» Supplied material
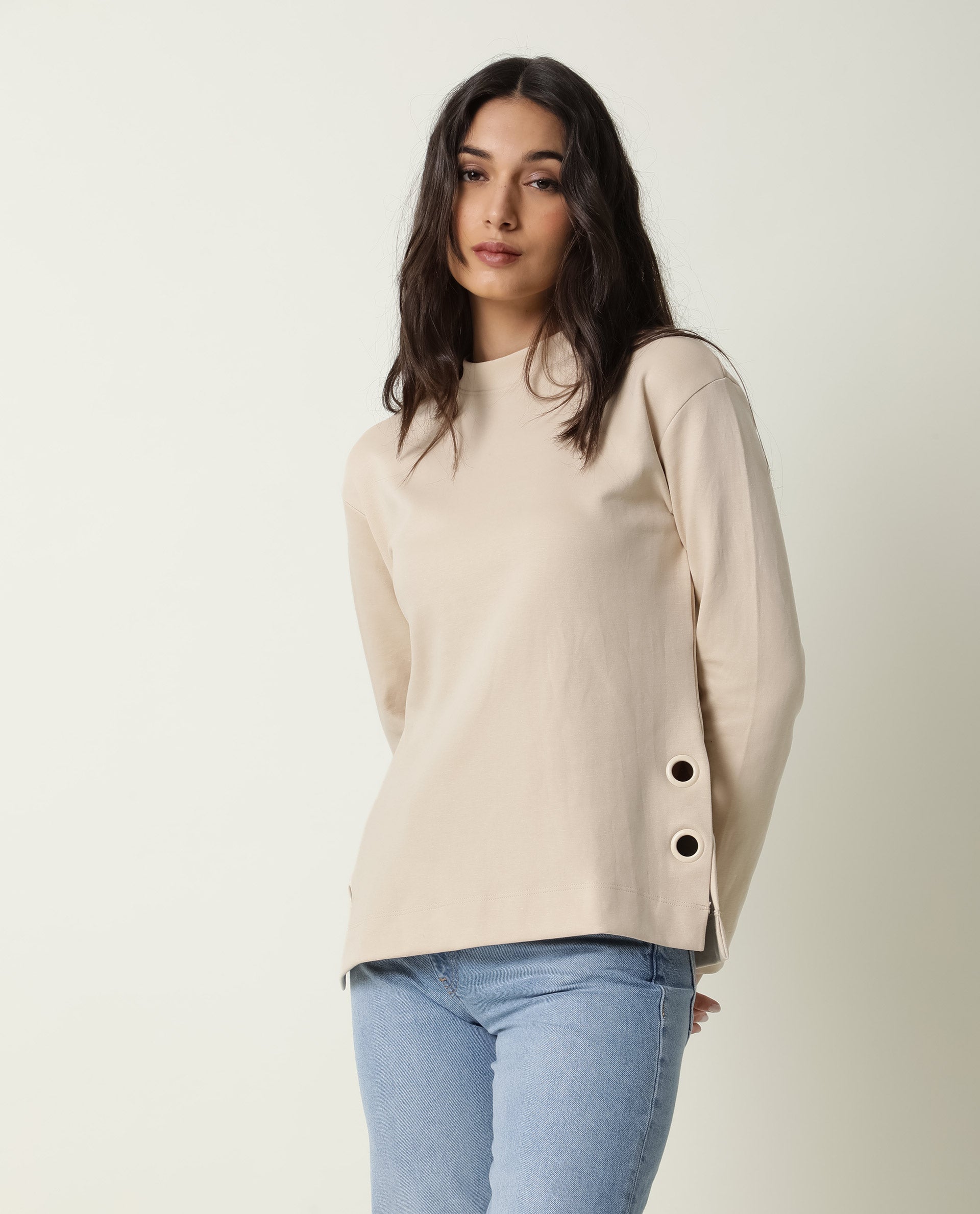 WOMENS ROSS BEIGE TOP Cotton FABRIC  Full Sleeve Round Neck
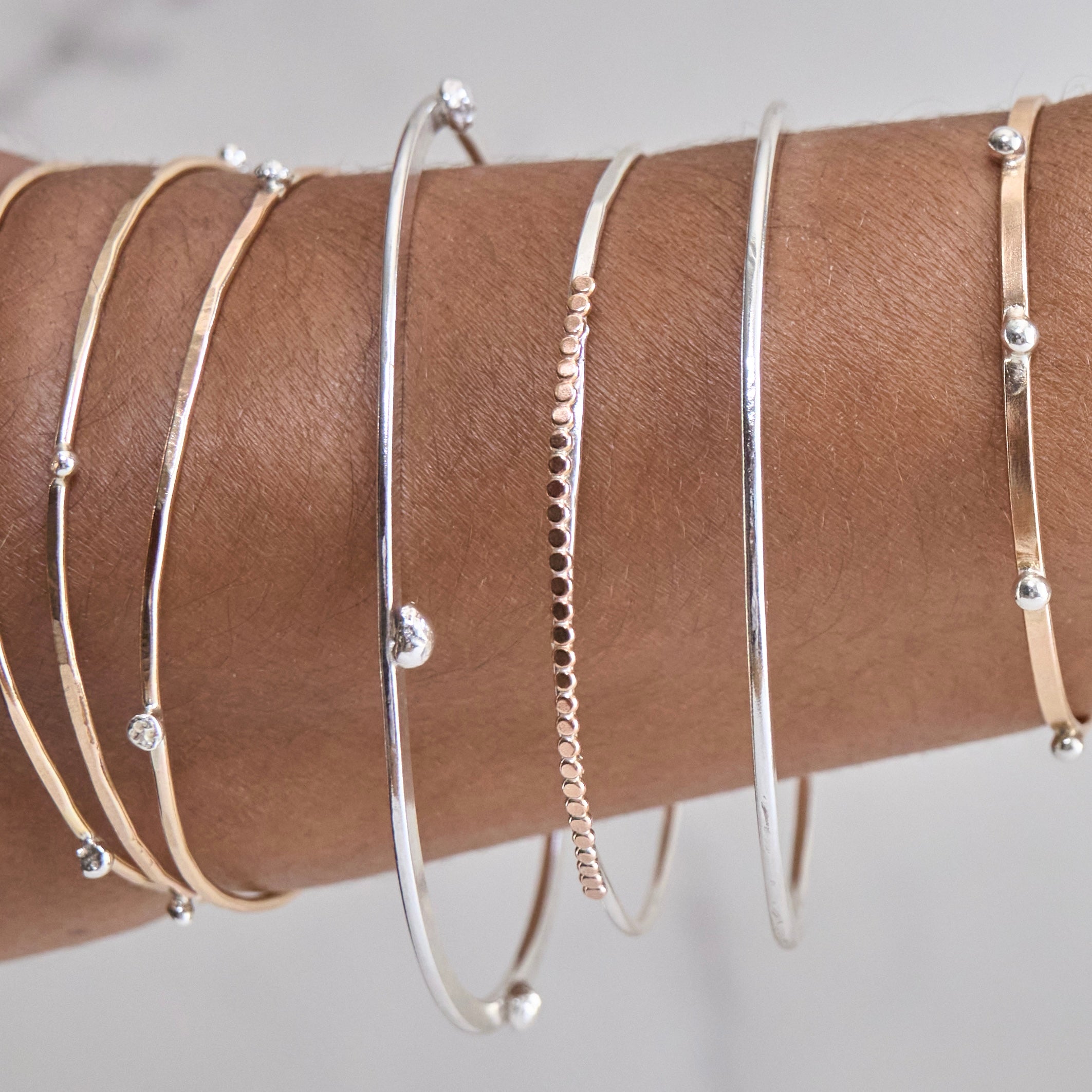 14kt Rose Gold-Filled Beaded Bangle Bracelet - Argentium Silver - Nickel Free - The Pink Locket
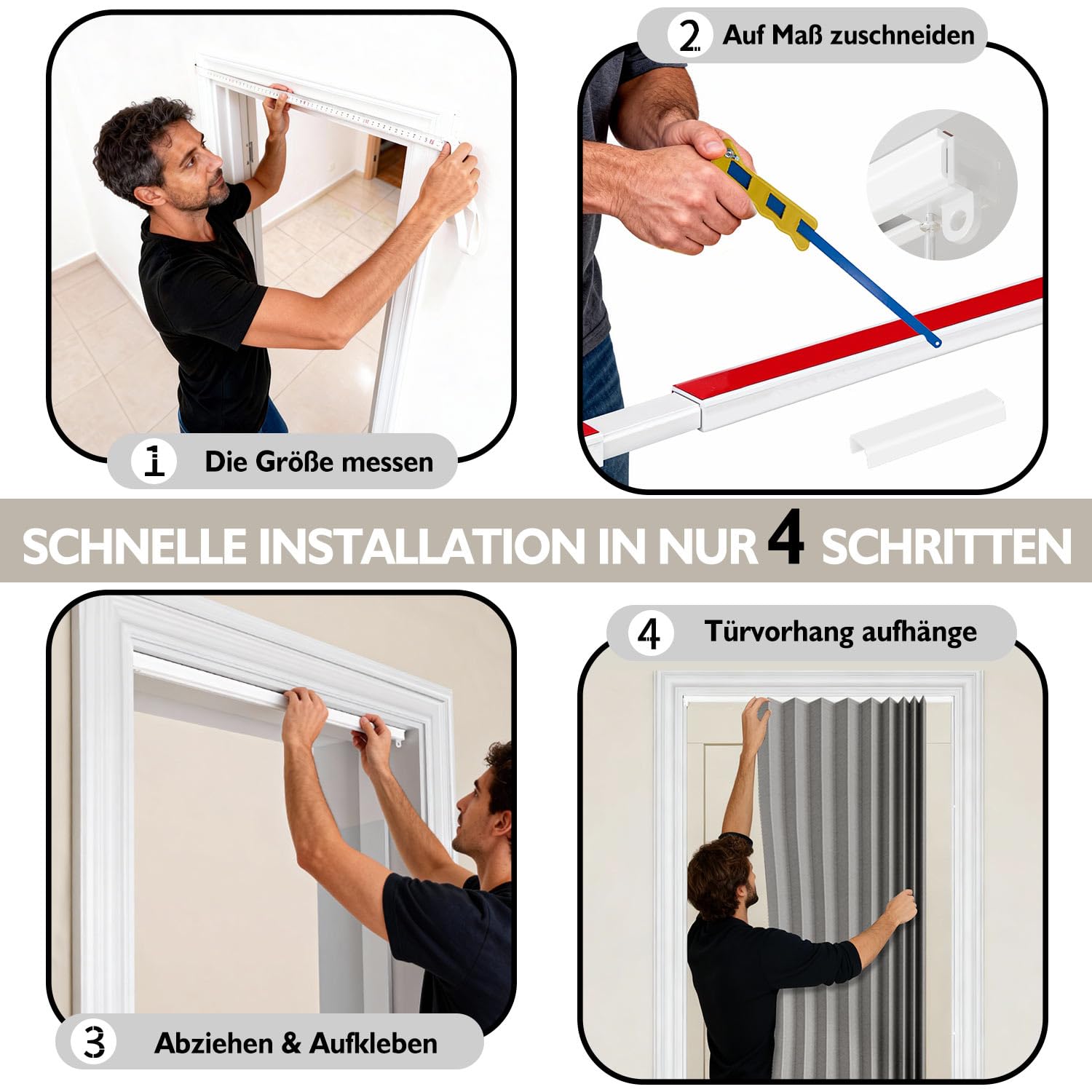 Jilron 100% cortina opaca para puerta – Estilo acordeón plegable con cierre magnético, montaje adhesivo sin necesidad de taladrar, incluye barra adhesiva, oscurecimiento y protección contra el viento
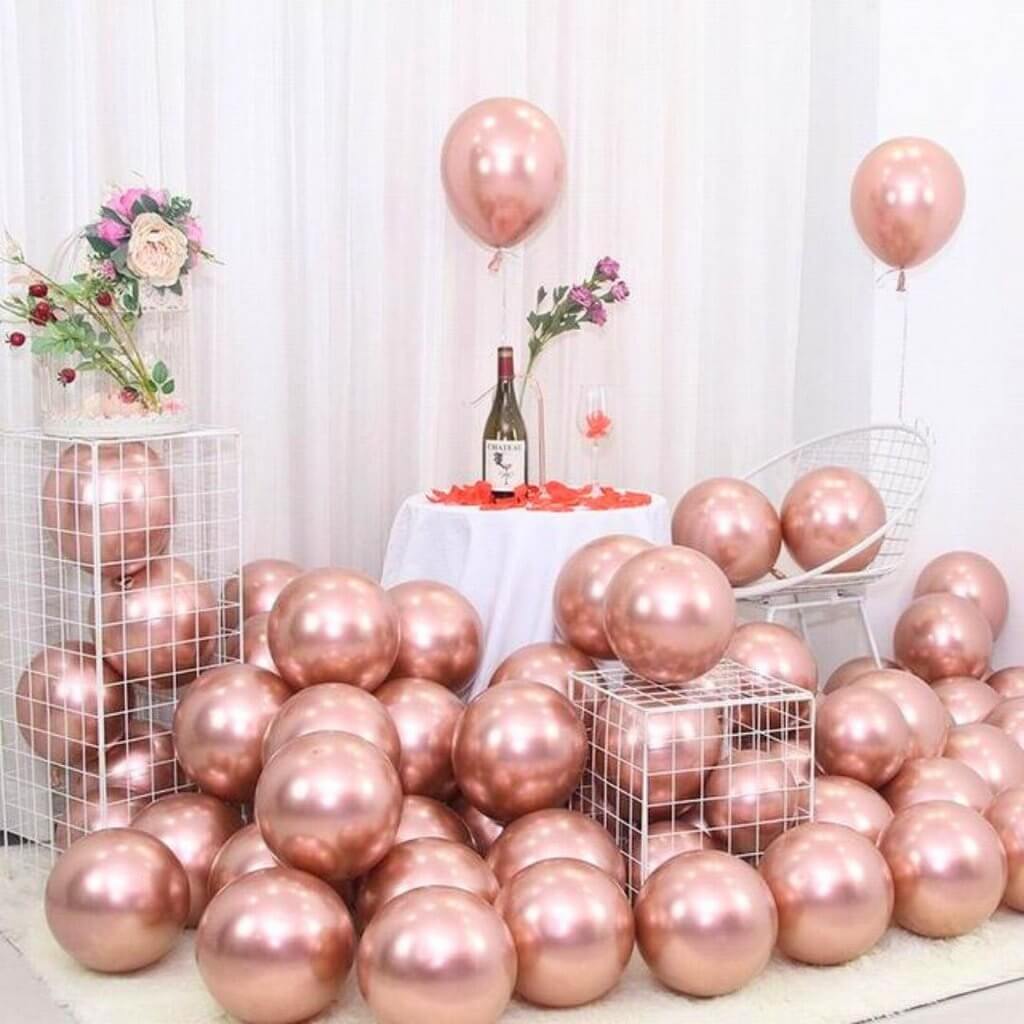 10-inch Metallic Chrome Rose Gold Latex Balloons 10pk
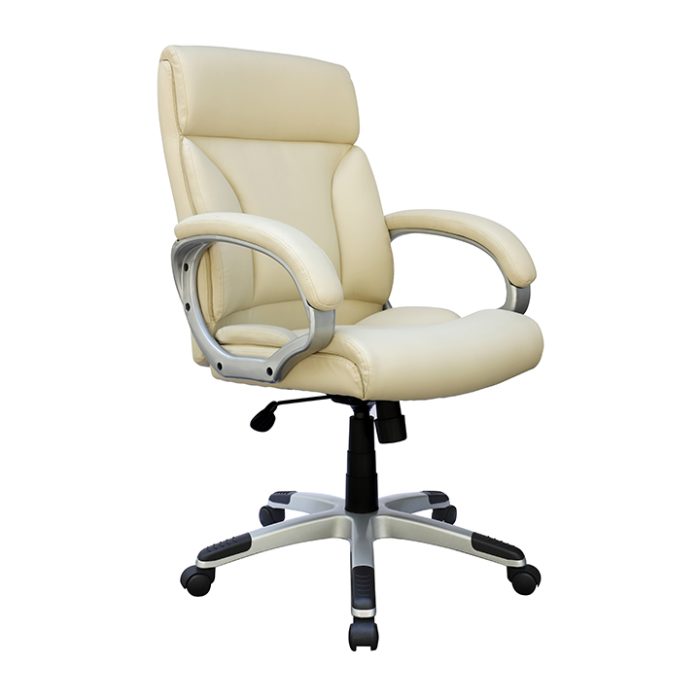 Modern Mid-Back Executive Chair, Ivory — office furniture at Total Office Furniture
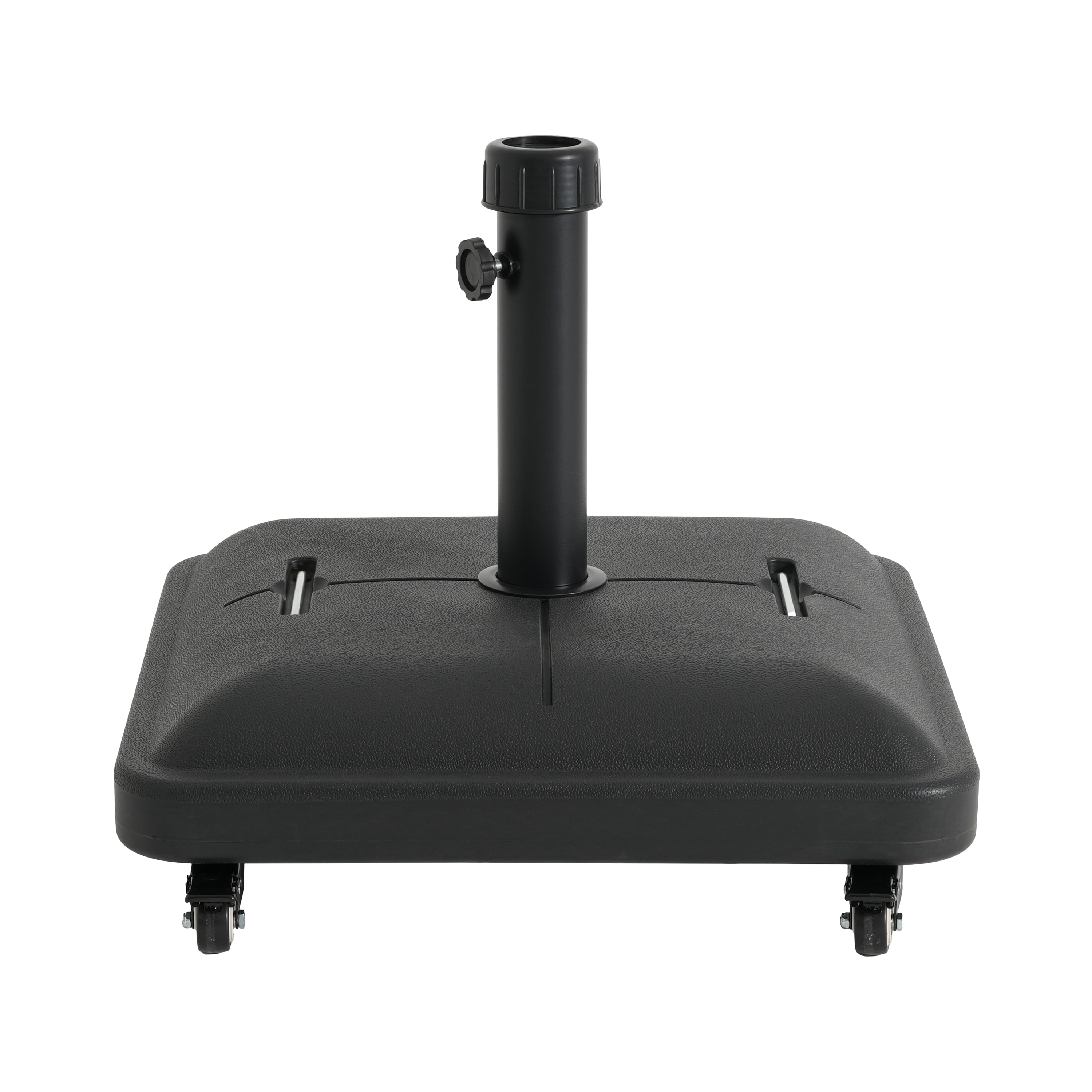 Umbrella Base 90 Pound Square with Concrete Fill and Resin Shell, Heavy Duty Patio Umbrella Stand with Wheels for Outdoor Shade, Black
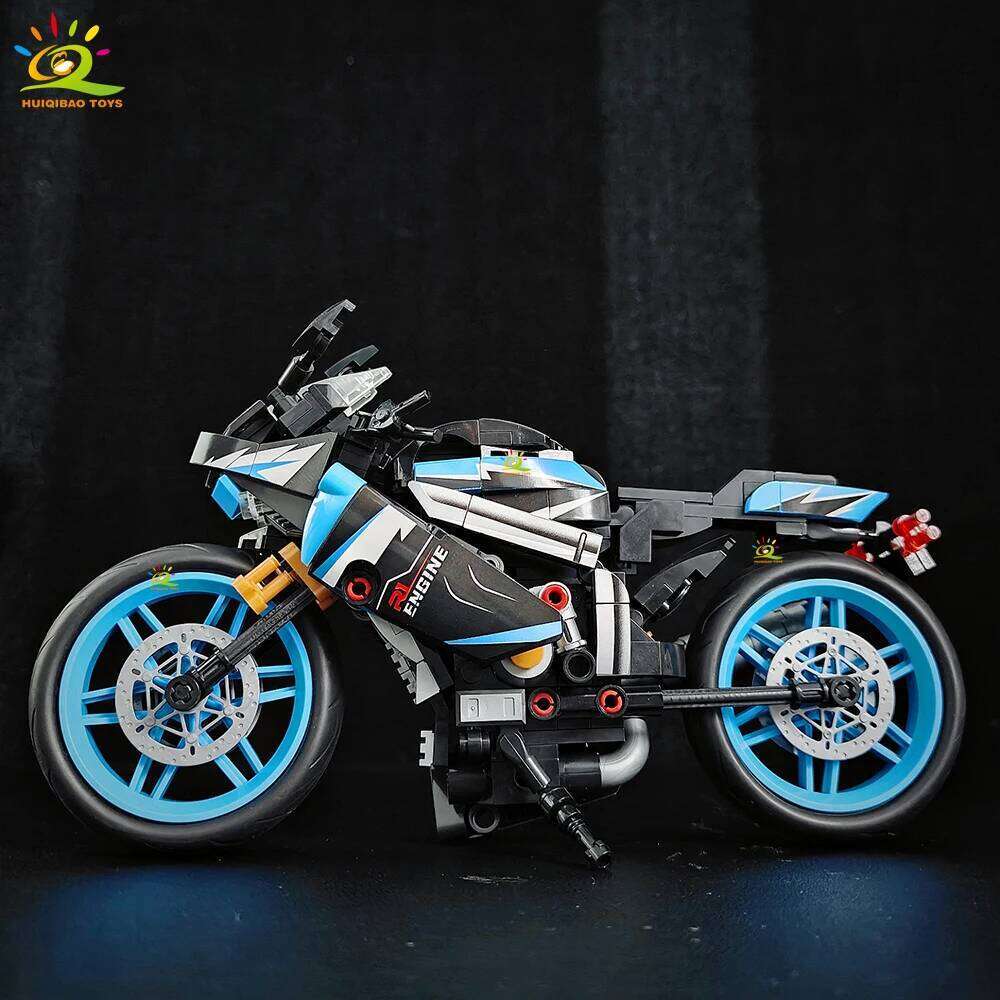 HUIQIBAO MOC Motorbike Model Building Blocks City Moto Racer Bricks Toy for Kids Boy Children Adult Car Set home Decoration Z260306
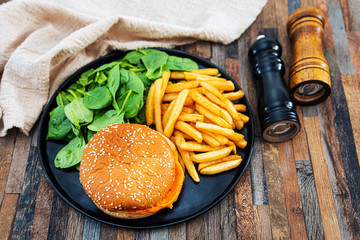 Cheese burger - American cheese burger with Golden French fries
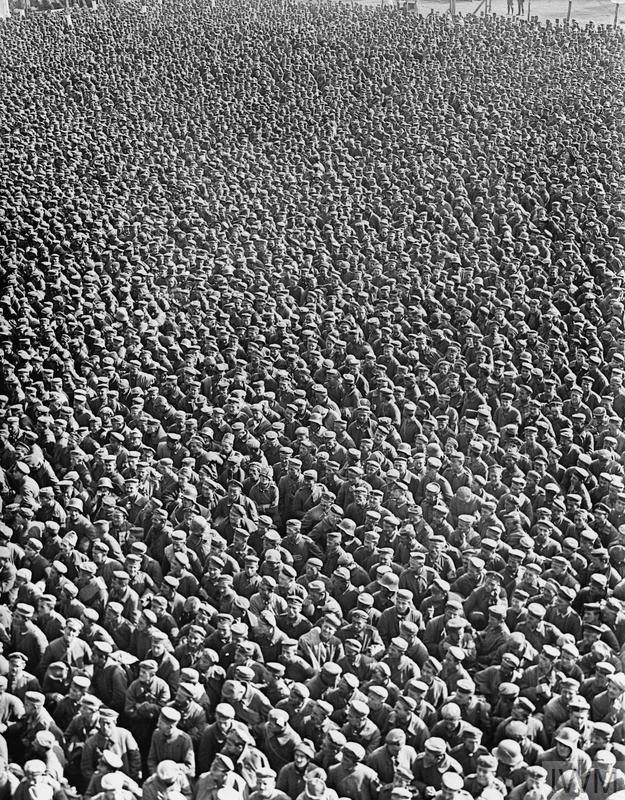 German prisoners in a clearing depot, Abbeville, following the Battle of St Quentin Canal, 2 October 1918.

» What to work on
Set down all of the material above exactly as written, leaving the pictures out.

» Exercise solution
 WOMENS ROSS BEIGE TOP Cotton FABRIC  Full Sleeve Round Neck
 14kt Rose Gold-Filled Beaded Bangle Bracelet - Argentium Silver - Nickel Free - The Pink Locket
 Jilron 100% cortina opaca para puerta – Estilo acordeón plegable con cierre magnético, montaje adhesivo sin necesidad de taladrar, incluye barra adhesiva, oscurecimiento y protección contra el viento
 10-inch Metallic Chrome Rose Gold Latex Balloons 10pk
 Modern Mid-Back Executive Chair, Ivory — office furniture at Total Office Furniture
 Umbrella Base 90 Pound Square with Concrete Fill and Resin Shell, Heavy Duty Patio Umbrella Stand with Wheels for Outdoor Shade, Black
 HUIQIBAO MOC Motorbike Model Building Blocks City Moto Racer Bricks Toy for Kids Boy Children Adult Car Set home Decoration Z260306
 Cheese burger - American cheese burger with Golden French fries
 German prisoners in a clearing depot, Abbeville, following the Battle of St Quentin Canal, 2 October 1918.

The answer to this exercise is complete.